We can't afford or have primary energy sources that stop when the wind stops blowing, or the sun goes behind a cloud, or cause mass starvation on a global scale. Unless destruction is what you are looking for.

The left in this country WANTS us to be poor. Much poorer than we consider poor today. Barack's speech about turning our thermostats down, etc. is the tip of the iceberg.

For all the movement our country has made to the left, the US still stands in the way of worldwide socialism. But, many in our govenrnment wouldn't mind worldwide socialism...

Here's who picked Barack Obama.
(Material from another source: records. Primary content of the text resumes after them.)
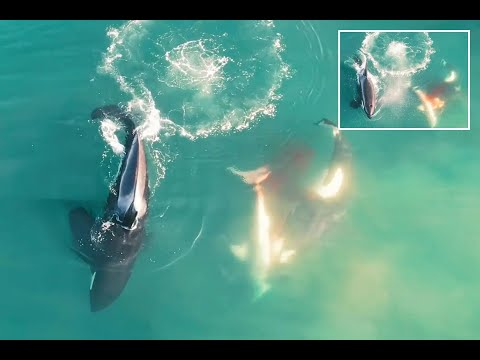 Youtube: First ever drone footage of Orcas killing Great White shark (South Africa, 2022)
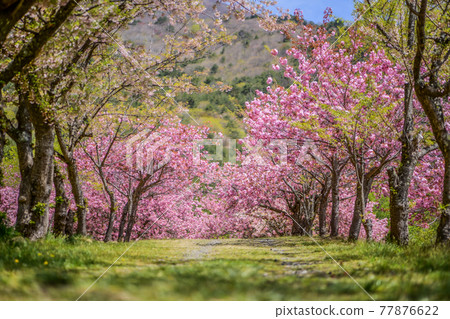 Double cherry blossoms on the sky mirror stand Double cherry blossoms on the sky mirror stand 77876622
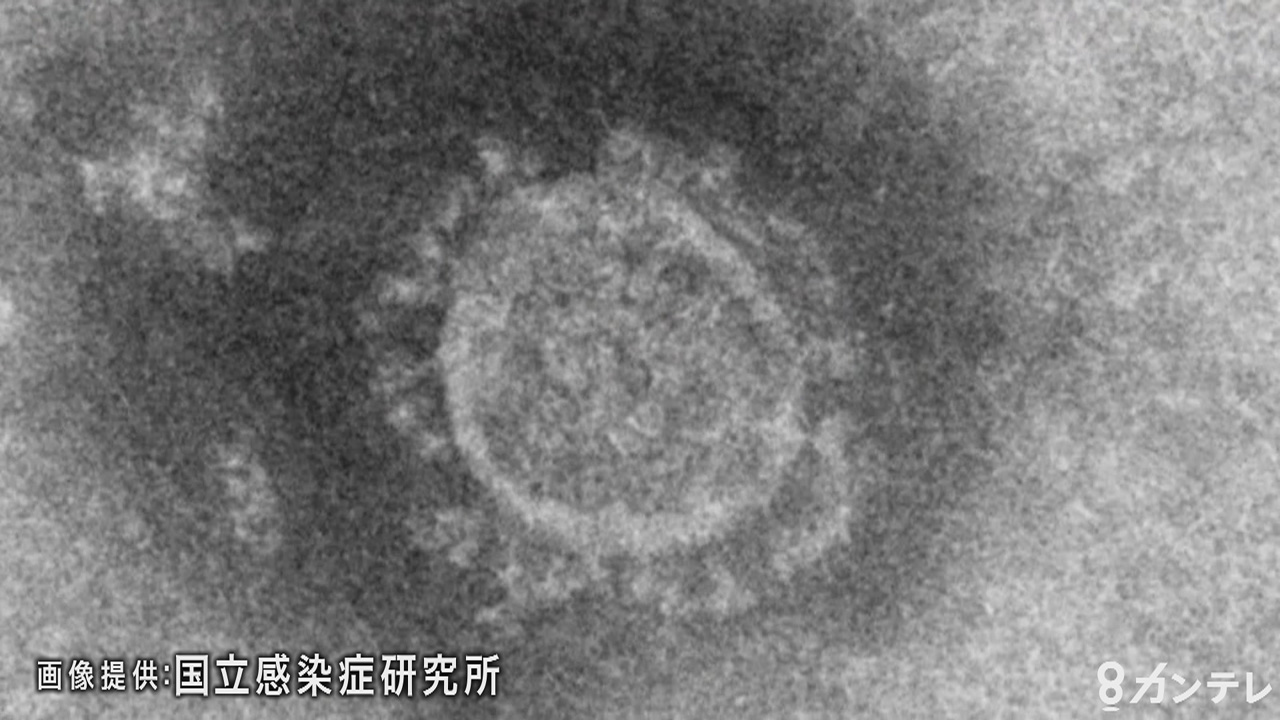 【首相官邸・厚生労働省】新型コロナウイルス感染症について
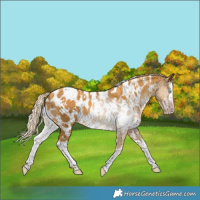 Horse Color:Gray White Spotted Gold Cream Champagne Dun Splash Near Leopard Brindle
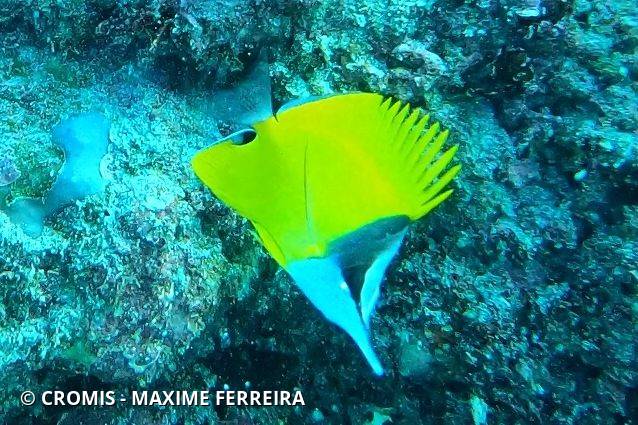 Poisson-pincette jaune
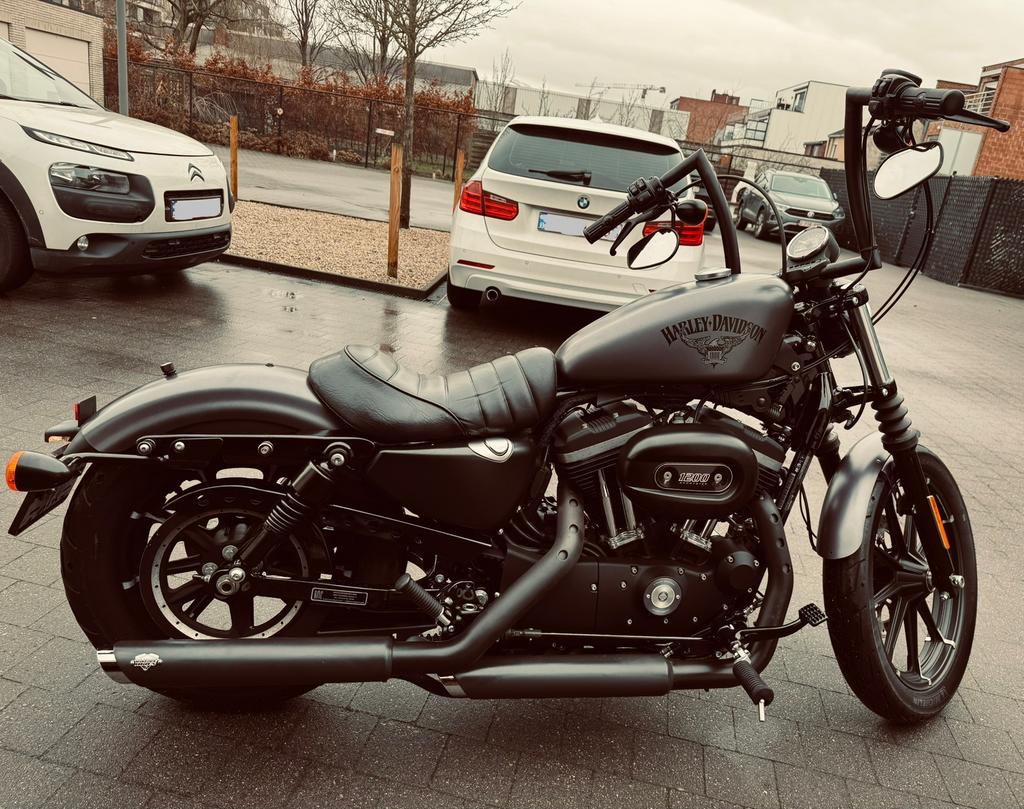Harley Davidson Iron 883 -> 1200 stage 1, ABS, Permis Moto A, Plus de 35 kW, Chopper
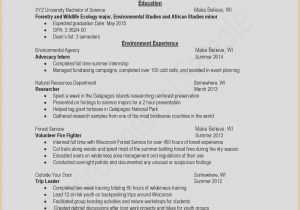 Sample Resume for Security Guard Philippines Security Guard Resume Sample format – Resume : Resume Sample #7677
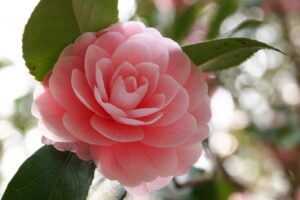 春天适合种植什么花？-瀚阳绿化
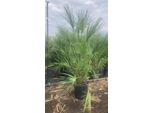 Articolo Speciale Palma Nana Rustica 140-170 Cm - Chamaerops Humilis, Palma Robusta Per Giardino E Terrazzo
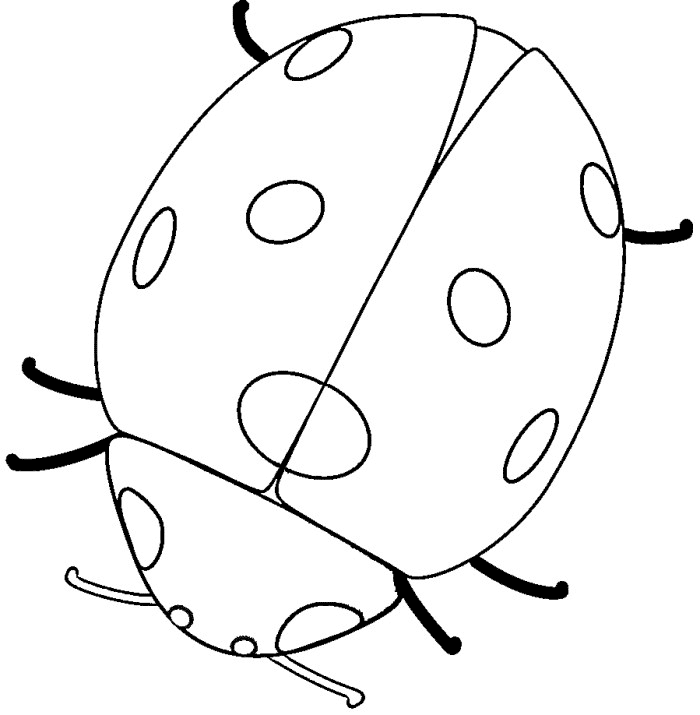 ladybug coloring pages - photo #2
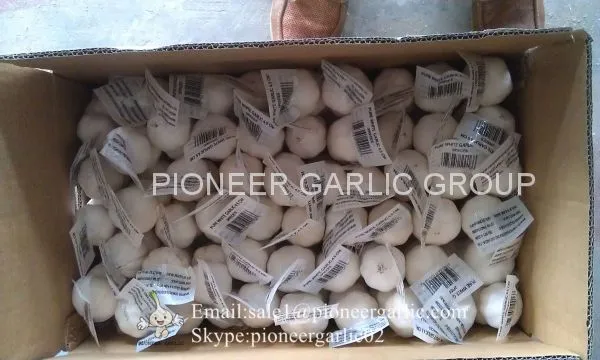 New Crop Fresh Chinese Pure White Garlic (5.0cm, 5.5cm, 6.0cm)Box Packing photo-3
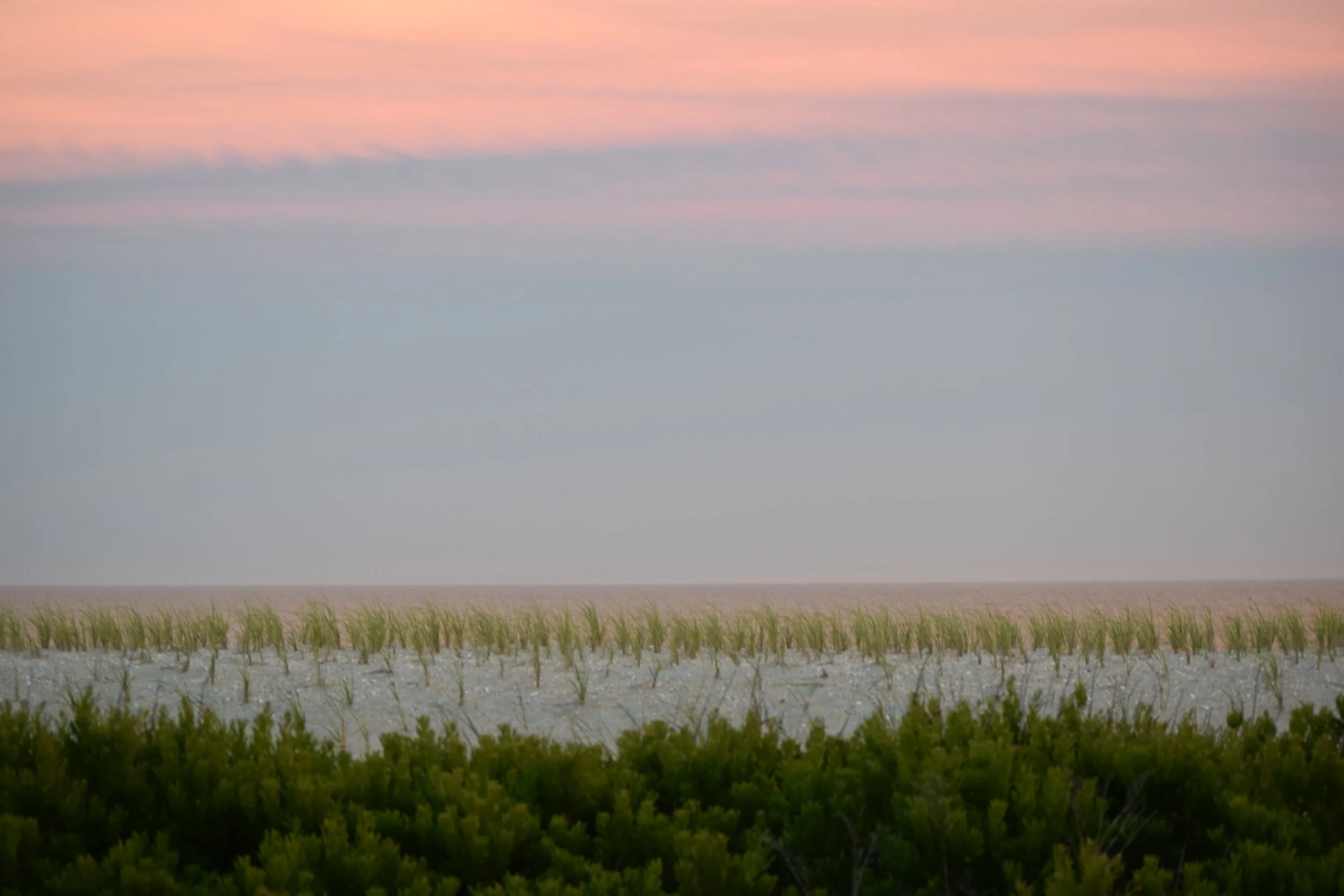  Photo Property of/Provided by: TMac 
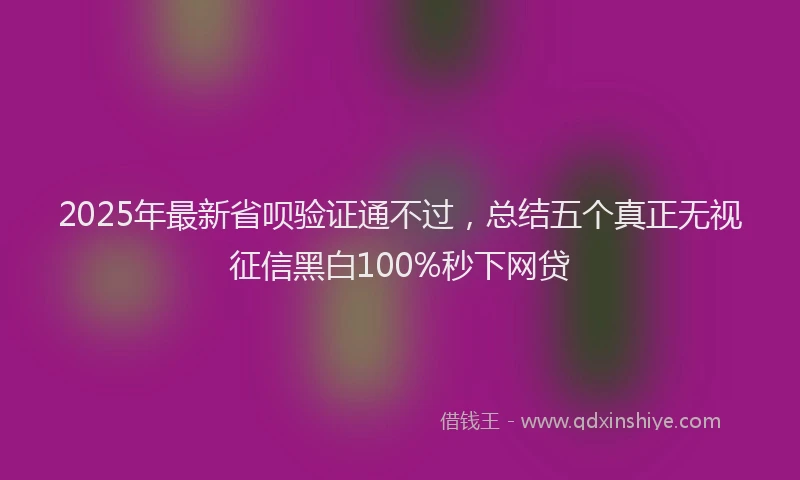 2025年最新省呗验证通不过，总结五个真正无视征信黑白100%秒下网贷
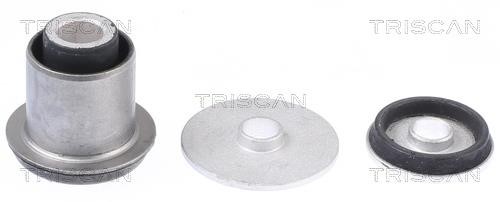 Triscan 8500 298066 Control Arm-/Trailing Arm Bush 8500298066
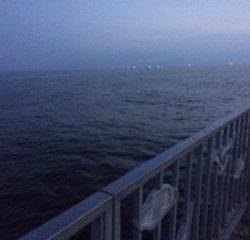 お久しぶりのツバス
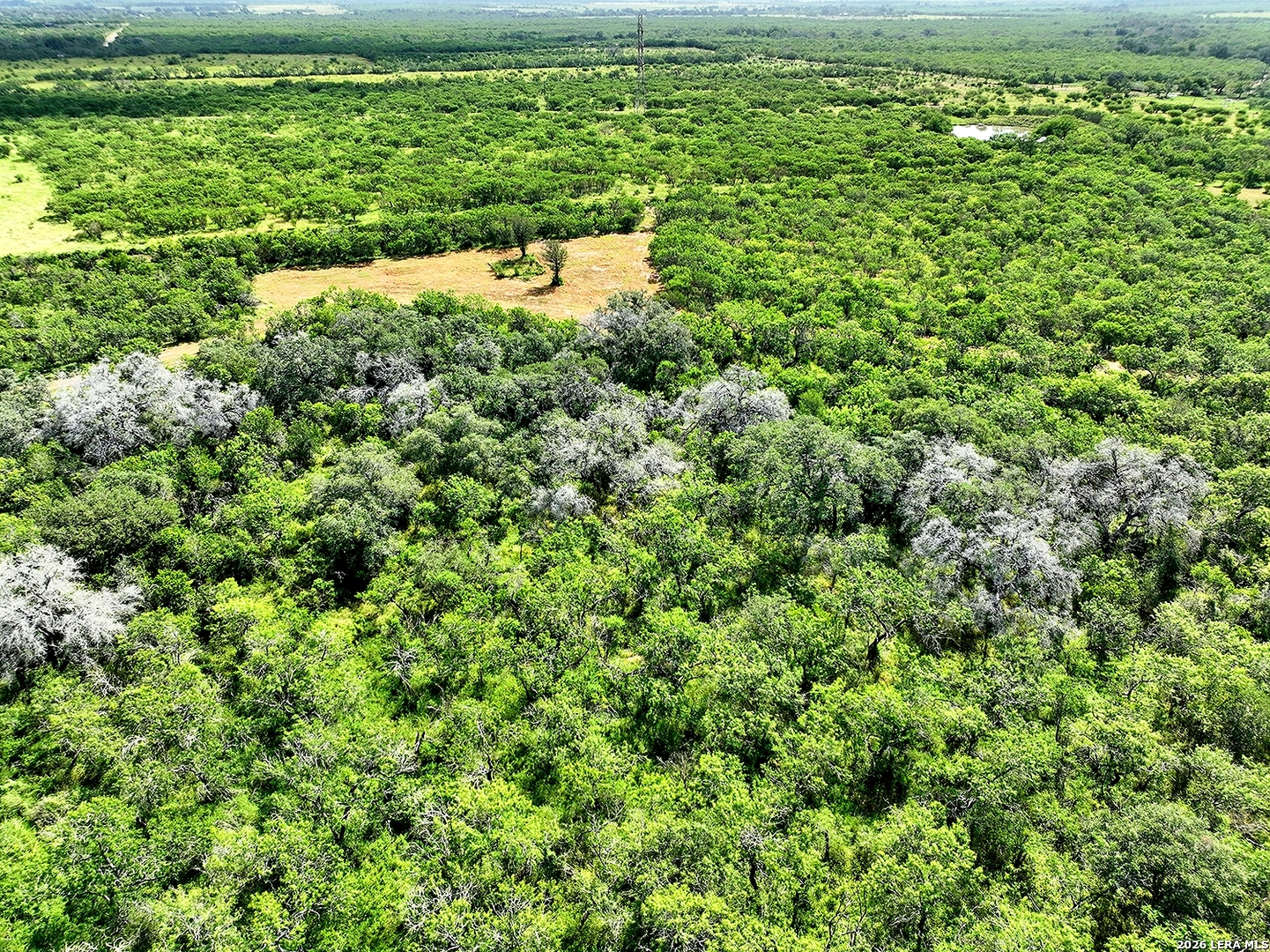 1591 County Road 476 Stockdale TX 78160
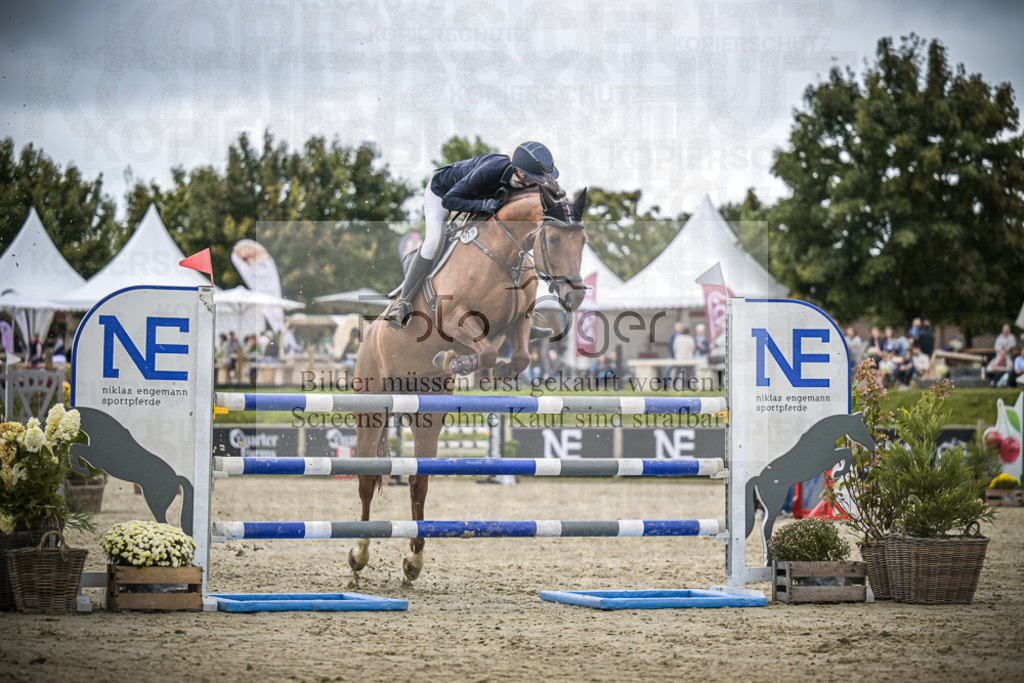 DOS_2163 | Entdecke hochwertige Reitturnierfotos von Foto Oger. Professionell, emotional und authentisch – jetzt Lieblingsmomente im Shop bestellen.Deutschlandweite Turnierfotografie. - Realisiert mit Pictrs.com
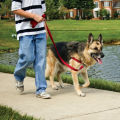 Dog Belt For German Shepherd 4cm Dog Body Belt - Random Color.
The folks from the Congressional Progressive Caucus and their ilk who now have control of the Democrat Party.

Check out: http://cpc.lee.house.gov/

Look at the list of members! And, to be in the Progressive Caucus, you have to be member of this organization:

Check out: http://dsausa.org

Read especially the "Where we stand" page. Their stated goal is world wide government control of all industry, credit and natural resources. We'll all get an equal share ( about 200sq ft of living space per person and lots of cabbage and potatoes ). Our new masters, of course, will be much more equal than the rest of us.

Look at our economic trajectory today. Listen to their impotent solutions. Are our present difficulties just part of the plan?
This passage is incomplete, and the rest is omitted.